### [TASK DIRECTIONS]
Write only how many lines in this data include "Building".

Stored dataset items
____
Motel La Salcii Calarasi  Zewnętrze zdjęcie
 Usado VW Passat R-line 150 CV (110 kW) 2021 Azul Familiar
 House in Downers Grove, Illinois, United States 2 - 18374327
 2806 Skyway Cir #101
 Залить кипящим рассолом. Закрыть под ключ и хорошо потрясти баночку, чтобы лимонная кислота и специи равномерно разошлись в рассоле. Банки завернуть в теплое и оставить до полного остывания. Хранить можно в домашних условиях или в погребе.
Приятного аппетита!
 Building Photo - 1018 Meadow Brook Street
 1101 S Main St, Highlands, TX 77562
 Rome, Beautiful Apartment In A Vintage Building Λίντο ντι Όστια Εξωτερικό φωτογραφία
____
### [WRITTEN ANSWER]
2